Constrained optimization approaches

Constrained optimization formulates the fairness requirement as a hard constraint rather than a soft penalty:

min_w L(w) subject to F(w) ≤ epsilon

where epsilon is a tolerance parameter specifying how much unfairness is acceptable. This formulation is mathematically more principled than regularization because it separates the accuracy objective from the fairness requirement, and the tolerance epsilon has a direct interpretation.

Solving this constrained optimization problem is challenging because fairness constraints are typically non-convex and non-differentiable (they involve indicator functions over model predictions and group memberships). Several algorithmic frameworks have been developed to handle these challenges.

The exponentiated gradient method

Agarwal, Beygelzimer, Dudik, Langford, and Wallach (2018) proposed a reductions approach to fair classification that converts the constrained fairness problem into a sequence of cost-sensitive classification problems. The method uses the exponentiated gradient algorithm to iteratively adjust dual variables (Lagrange multipliers) corresponding to the fairness constraints.

The algorithm works as follows:

Initialize the Lagrange multipliers (dual variables) uniformly.
At each iteration, solve a cost-sensitive classification problem with costs determined by the current multipliers.
Update the multipliers using an exponentiated gradient step, increasing multipliers for violated constraints and decreasing multipliers for satisfied constraints.
Return a randomized classifier that mixes the classifiers obtained across iterations.

The exponentiated gradient method supports demographic parity, equalized odds, and other linear fairness constraints. It produces a randomized classifier (a distribution over at most T base classifiers, where T is the number of iterations), and it comes with finite-sample convergence guarantees: the resulting classifier is approximately optimal and approximately feasible. This approach is implemented in Microsoft's Fairlearn library.

The proxy-Lagrangian method

Cotter, Jiang, Gupta, Wang, Narayan, You, and Sridharan (2019) addressed the problem that many fairness constraints are non-differentiable (for example, constraints on false positive rates involve indicator functions).

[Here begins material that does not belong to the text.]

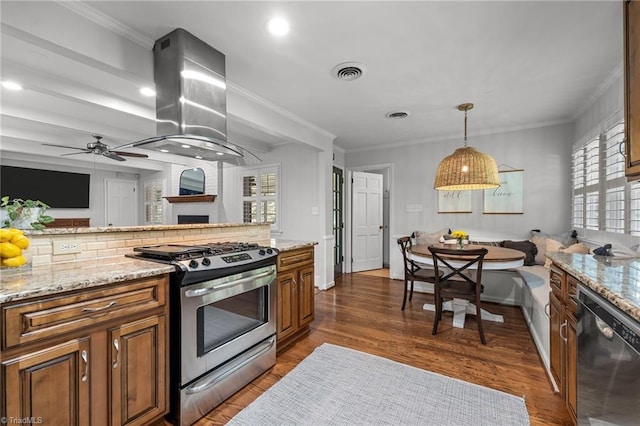 1603 Ilchester Ct, Greensboro, NC 27408 - kitchen featuring stainless steel appliances, island exhaust hood, brown cabinetry, open floor plan, and crown molding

Since standard Lagrangian methods require differentiable constraints, they introduced the proxy-Lagrangian formulation.

The proxy-Lagrangian replaces the original non-differentiable constraints with smooth, differentiable proxy constraints for the purpose of gradient computation, while the original constraints are still used by the dual player (the "auditor") to update the Lagrange multipliers. This leads to a two-player non-zero-sum game:

Player 1 (the learner) minimizes the Lagrangian with respect to model parameters, using proxy constraints.
Player 2 (the auditor) maximizes the Lagrangian with respect to the Lagrange multipliers, using the original constraints.

The solution concept is a semi-coarse correlated equilibrium. The resulting stochastic classifier can be expressed as a mixture of at most m+1 deterministic classifiers, where m is the number of constraints. This method is particularly useful for deep learning models where the loss landscape is non-convex.

Adversarial debiasing

Zhang, Lemoine, and Mitchell (2018) proposed an in-processing method based on adversarial learning. The approach trains two networks simultaneously:

A predictor network that maps inputs to predictions of the target variable.
An adversary network that takes the predictor's output and attempts to predict the protected attribute.

The predictor is trained to maximize prediction accuracy while minimizing the adversary's ability to infer the protected attribute from the predictions. The gradient update for the predictor subtracts the projection of the adversary's gradient, pushing the predictor toward representations that are informative for the task but uninformative about group membership.

Adversarial debiasing can approximately enforce demographic parity (by making predictions independent of the protected attribute) or equalized odds (by conditioning the adversary on the true label). It is implemented in IBM's AI Fairness 360 toolkit.

Post-processing methods

Post-processing methods adjust the predictions of a trained model to satisfy fairness constraints, without modifying the training procedure itself.

Threshold adjustment. Hardt, Price, and Srebro (2016) showed that for any binary classifier producing a continuous score, one can find group-specific thresholds that convert the scores into binary predictions satisfying equalized odds. The method solves a linear program to find the optimal thresholds that maximize accuracy subject to the equalized odds constraint. This approach is model-agnostic and requires access only to the model's predictions and the protected attribute values.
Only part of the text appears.